鳥たちが、美しい調べで歌いあっているのは、夏の歌だろうか。自然と笑みがこぼれる。

 流れの傍らに、見たことのない絵があった。イーゼルに置かれた、抽象画。青の絵だ。この青は、空の青だろうか。それとも、海の青だろうか。不思議な絵に、吸い込まれるように近づいた。
 
 青は、夜明けの色だ。絵の醸し出す優しい雰囲気に、覚えがあった。

 もしかしたら。そっと手を伸ばし、絵に触れる。すっと、視界が青になる。ああ、やっぱり。青の絵は扉。扉の向こうの世界が、私を招いてくれた。

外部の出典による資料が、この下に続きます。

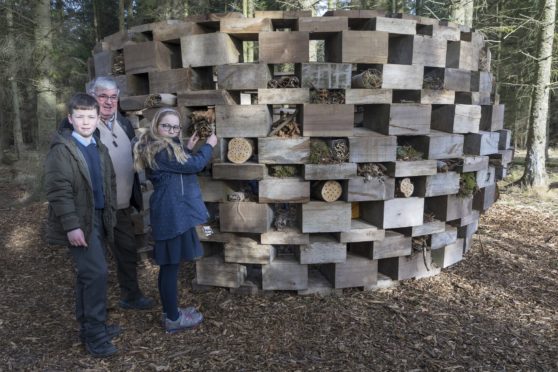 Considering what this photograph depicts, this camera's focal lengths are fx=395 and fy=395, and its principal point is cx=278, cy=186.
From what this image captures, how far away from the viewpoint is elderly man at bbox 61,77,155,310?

 私は、波打ち際にいた。雲一つなく晴れた、青い空と、ダイヤモンドをちりばめたような、青い海。海と空の境界は、ずっとずっと先で溶け合っていた。後ろを振り返ると、少し小柄の可愛らしい女性が、にっこりとほほ笑んでいた。
 
 ああ、私はこの人を知っている。

「舞さん、ですよね? 葵さんと、きらりさんの、共通のご友人の」
「はい」
 舞さんは、頷くと、純真そうに、再びにっこりと笑った。
「緊張してます?」
 舞さんの目が、くるくると動く。
「ええ。かなり。スピーチって、したことがなくて。せめて、晴れの日を台無しにしないようにしないと」
「大丈夫ですよ。だって」
 舞さんは、私の目をまっすぐに見つめた。
「今私たちがいるこの世界を創っているのは、すーこさんですから」
「そうですよね! すーこさんの世界に招いて頂いたんだから、大船に乗ったつもりで、どーんと構えないと」
 少し、緊張感は和らいだ。
「あの、舞さん」
「なんでしょう?」
「本番の前に、ここで練習していいですか? 読者代表のスピーチ」
 舞さんの表情が華やいだ。
「わあ! 聞きたいです!」
 私は、呼吸を整えると、用意してきた原稿を広げた。

 葵さん、きらりさん、並びにご両家の皆さま、本日は、誠におめでとうございます。葵さんのお父様、藍さんも、きっとこの場におられ、共にお二人を祝福してくださっていることと思います。
 作者であるすーこさんが創られた、この優しい世界で、お二人の物語に心を震わせた読者の一人として、拙いながらもお祝いの言葉を述べさせていただきます。
 茜さんと藍さんの運命的な出会い。互いに惹かれ合ったお二人が、葵さんのご両親となりました。藍さんとの悲しい別れが訪れても、茜さんと葵さんは、二人三脚で悲しみを乗り越えて、今を生きていらっしゃいます。
 藍さんの面影を残す葵さんは、とにかく優しいお人柄で、たびたび読者である私たちの涙を誘いました。小学校に咲くスミレに欠かさず水をやり続け、茜さんを励まし続けた葵さん。そんな葵さんときらりさんは、小学校で出会います。友達付き合いが苦手だったと仰るきらりさんの心を、葵さんの優しさが、融かしていったのですね。仲良しになった葵さんときらりさんは、読者の私たちの心まで、温かく融かしてくれました。
 そしてついに、お二人は結ばれ、ご結婚されます。ほんとうに、ほんとうにおめでとう。
 ご結婚の知らせが届いたとき、私はまるで親戚のおばちゃんのように、お二人を祝福させていただきました。他の読者の皆様からも、お祝いのメッセージが多数、寄せられましたね。
 皆に愛される、葵さんときらりさん。茜さん、藍さん、光さん。そして、そんな優しい人々を創り出してくださった、作者のすーこさん。いつも、私たち読者の心を温めてくれて、ほんとうに、ありがとう。
 読者代表の私の、今のこの気持ちを、お祝いの言葉とさせていただきます。本日は、ほんとうに、おめでとうございます。

 ふーっと息を吐く。
「どうでしょう?」
 おそるおそる舞さんの方を見る。
「長かったかな? それとも、言葉足らず?」
 舞さんは、きらきらとした目で、いたずらっぽく、意味ありげに微笑んだ。

「え? なになに?」
「じゃじゃーん!」
 
 舞さんの後ろに隠れていたのは、なんと、すーこさんご本人だったのだ!
「えーっ! すーこさん! うっわあ、恥ずかし!」
 すーこさんは、すーこさんが生み出したキャラクターのように、優しく微笑んだ。

「さあ、行きましょう! お式、始まりますよ!」
 すーこさんが指さす先には、それはそれは美しい、白い教会があった。
 青い海と空が、世界が、二人を祝福していた。


 青い絵の中から、現実に戻る。小川のせせらぎが、心地よい。空を見上げると、やはり、青かった。

 青は、平和の色。

 今日も、すーこさんの優しい物語に支えられ、私は足に力を込めて、歩き出す。

<終>

***

 すーこさま、すーこさまのためだけの小説、いかがでしょうか?
「シロクマ文芸部」にてすーこさまがご執筆された、葵君の家族の物語(シリーズ!)にたびたび涙を誘われた者として、すーこさまの世界観を壊さずに、このシリーズに敬意を表したいと思い、この物語を作りました。

 以前、すーこさまへのコメントにて、「読者代表として、葵君ときらりちゃんの結婚式で、お祝いのスピーチがしたい!」とお伝えしたことがあったんです。今回、叶えさせていただきました!

 葵君ときらりちゃんの結婚式のシーンは、一読者の私が書くのは越権行為なので、NG。であれば、葵君ときらりちゃんの共通のご友人、舞ちゃんに登場いただき、スピーチの練習をさせていただこう、と考えました。そして、最後には、すーこさんご本人にもご登場いただきました……!

 ここまで想像して書いたら、むしろ気持ち悪いんじゃないか……と毎度心配になりながらも、いや、このシーンは削れない! と思い、結局書きたいことをすべて盛り込みました。

 お気に召していただけましたら、幸いに存じます。

 引き続き、お題を頂いた小説の執筆を進めてまいります。
 よろしくお願い申し上げます。